─── Stored data ───

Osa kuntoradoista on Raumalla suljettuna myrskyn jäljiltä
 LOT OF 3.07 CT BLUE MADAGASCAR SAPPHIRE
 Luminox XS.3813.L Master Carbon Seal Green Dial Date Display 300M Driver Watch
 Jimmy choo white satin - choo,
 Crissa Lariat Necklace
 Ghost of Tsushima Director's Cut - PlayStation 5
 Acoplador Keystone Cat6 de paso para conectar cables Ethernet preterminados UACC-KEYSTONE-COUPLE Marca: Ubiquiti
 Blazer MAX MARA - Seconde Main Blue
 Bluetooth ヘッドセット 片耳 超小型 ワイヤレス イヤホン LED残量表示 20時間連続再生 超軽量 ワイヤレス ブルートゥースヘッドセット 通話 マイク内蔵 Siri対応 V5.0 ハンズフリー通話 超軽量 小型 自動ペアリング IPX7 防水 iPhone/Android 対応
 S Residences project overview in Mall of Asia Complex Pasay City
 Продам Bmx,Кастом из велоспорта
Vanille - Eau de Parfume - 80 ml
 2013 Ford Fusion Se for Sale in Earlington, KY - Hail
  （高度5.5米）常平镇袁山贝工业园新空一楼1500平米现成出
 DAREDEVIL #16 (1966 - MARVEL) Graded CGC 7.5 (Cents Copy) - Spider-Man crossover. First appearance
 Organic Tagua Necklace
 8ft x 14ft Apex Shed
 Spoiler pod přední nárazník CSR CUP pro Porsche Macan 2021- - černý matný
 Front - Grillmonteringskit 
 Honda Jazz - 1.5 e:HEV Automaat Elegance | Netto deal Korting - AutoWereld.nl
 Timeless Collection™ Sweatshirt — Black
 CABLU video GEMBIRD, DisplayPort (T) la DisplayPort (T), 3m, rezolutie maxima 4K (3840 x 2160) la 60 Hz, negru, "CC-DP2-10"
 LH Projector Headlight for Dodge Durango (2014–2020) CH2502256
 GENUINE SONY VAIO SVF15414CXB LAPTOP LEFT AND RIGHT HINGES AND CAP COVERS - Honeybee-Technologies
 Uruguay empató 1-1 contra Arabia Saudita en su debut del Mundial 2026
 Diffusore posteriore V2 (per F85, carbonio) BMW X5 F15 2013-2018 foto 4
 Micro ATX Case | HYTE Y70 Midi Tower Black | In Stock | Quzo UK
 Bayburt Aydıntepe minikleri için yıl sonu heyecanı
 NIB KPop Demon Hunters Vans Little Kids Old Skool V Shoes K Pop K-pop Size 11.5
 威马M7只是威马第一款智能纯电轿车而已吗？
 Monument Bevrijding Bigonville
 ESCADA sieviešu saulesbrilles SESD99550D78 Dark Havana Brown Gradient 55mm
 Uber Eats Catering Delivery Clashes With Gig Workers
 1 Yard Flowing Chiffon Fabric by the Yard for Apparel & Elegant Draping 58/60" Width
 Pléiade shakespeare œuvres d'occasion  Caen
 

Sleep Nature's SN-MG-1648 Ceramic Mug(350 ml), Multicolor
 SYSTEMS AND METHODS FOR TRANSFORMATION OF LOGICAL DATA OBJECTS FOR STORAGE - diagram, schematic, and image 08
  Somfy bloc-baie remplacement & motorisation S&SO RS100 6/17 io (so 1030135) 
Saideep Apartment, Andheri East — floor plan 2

───

### Requirement
If the string "Black" is in a line of the entries, pick that line out.

### Answer to the exercise
 Timeless Collection™ Sweatshirt — Black
 Micro ATX Case | HYTE Y70 Midi Tower Black | In Stock | Quzo UK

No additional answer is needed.